Em 20 de maio, Holecek e Groh iniciaram seu desafio: abrir uma via nova em estilo alpino na face noroeste do Baruntse, um paredão de 2.000 metros. Em seguida viram que a empreitada seria mais árdua do que esperavam: “Em geral, nos últimos anos, não há muita neve nas faces norte e oeste no Himalaia. A neve e o gelo diminuíram de forma evidente”, apontava ele após escalar 12 horas em terreno misto técnico e exposto, até finalmente “encontrar um canto onde esculpir uma prateleira no gelo para colocar nossas bundas. Um bivaque maluco, mas vamos em frente”. A verticalidade do terreno os impedia de instalar sua minúscula barraca. No domingo passado, mandaram uma longa mensagem de texto: “Por volta de 11 da manhã encontramos restos de uma tenda emergindo do gelo numa encosta de 60 graus de inclinação. Isto me fez lembrar a triste história dos meus amigos Peter e Kuba [Petr Machold e Jakub Vanek, desaparecidos nesta montanha em 2013]. Hoje temos um bom bivaque, mas estamos caindo de maduros, embora ainda restem forças.
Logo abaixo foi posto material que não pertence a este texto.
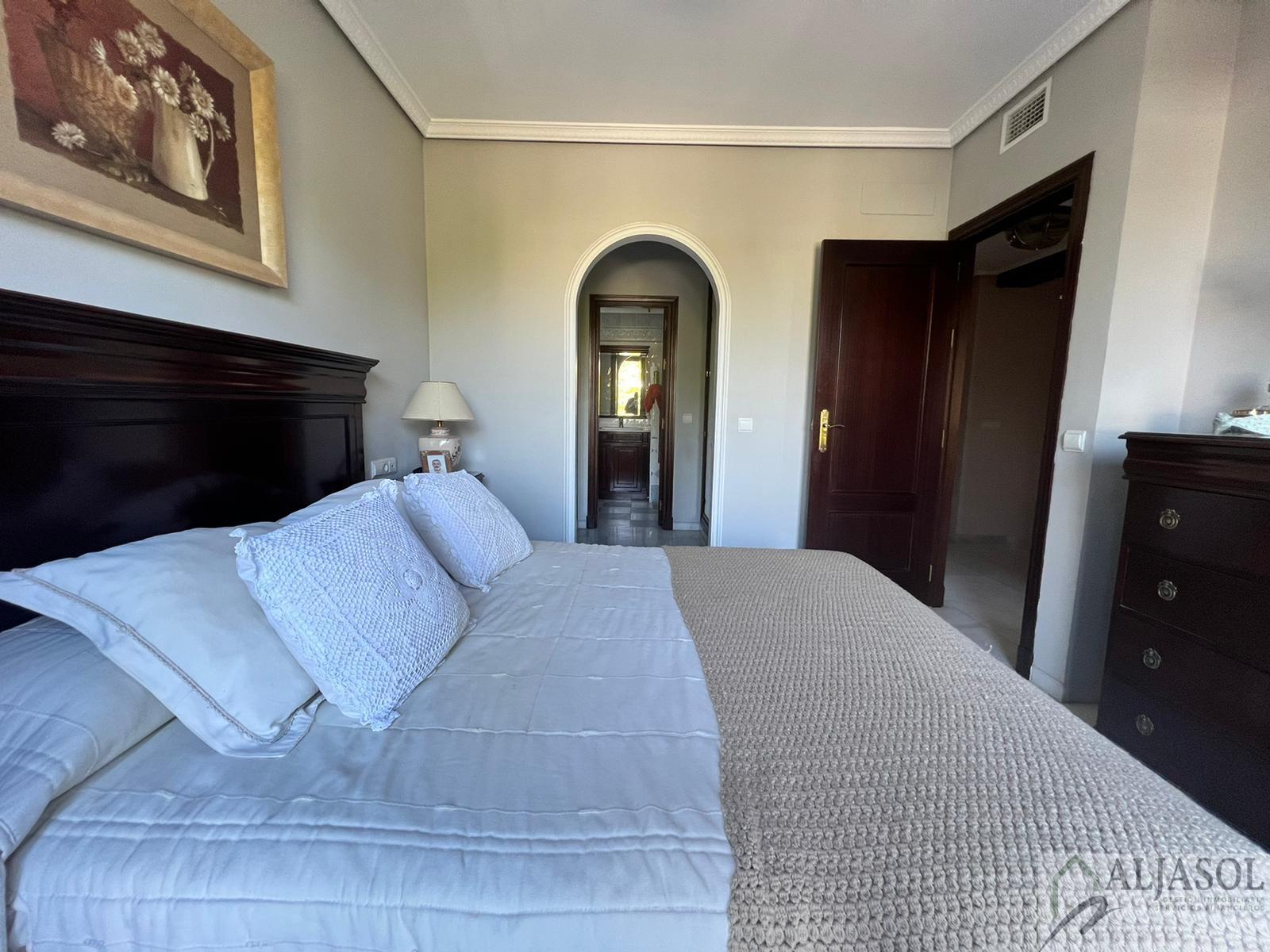 For sale of chalet in Bormujos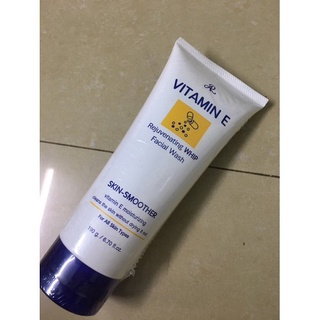 Sữa rửa mặt Vitamin E Thái Lan 190g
Estamos 200 metros abaixo do topo, e se o todo-poderoso estiver em casa amanhã e nos der sua permissão, completaremos a face noroeste do Baruntse”.
Não foi assim. No dia seguinte, a dupla encontrou um terreno em condições terríveis, com gelo vertical, neve inconsistente e trechos de rocha podre. Passaram toda a segunda-feira escalando para avançar apenas 150 metros e voltar para armar o bivaque a 50 metros do topo. “As avalanches fluem para ambos os lados da nossa barraca, que é o nosso hotel. Estamos cansados como gatinhos, congelados, famintos e sedentos. Deus nos ajude a subir amanhã e a descer”, descreveu Holecek, acrescentando que só precisariam de três horas de visibilidade para poder atacar o descenso e retornar ao campo-base, 180 minutos de luz para poder seguir a encosta superando suas armadilhas, suas cornijas. Estão dispostos inclusive a fazer uma tentativa noturna, mas a tempestade de treva branca tem que dar uma trégua... Se as previsões meteorológicas que têm em mãos se cumprirem, neste sábado a tempestade deve perder intensidade e limpar a montanha de nuvens.
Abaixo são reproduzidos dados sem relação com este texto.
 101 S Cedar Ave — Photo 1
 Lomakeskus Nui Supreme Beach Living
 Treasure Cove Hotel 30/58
Holecek dizia após receber seu segundo Piolet que paga as expedições do próprio bolso, sem receber ajuda alguma: “Visto assim, talvez não seja tão ruim não ter ajudas. O fato de precisarmos correr atrás nos obriga a dar o melhor de nós mesmos e nos permite sermos competentes”. Com visibilidade, poucos duvidam de que ambos os alpinistas consigam retornar.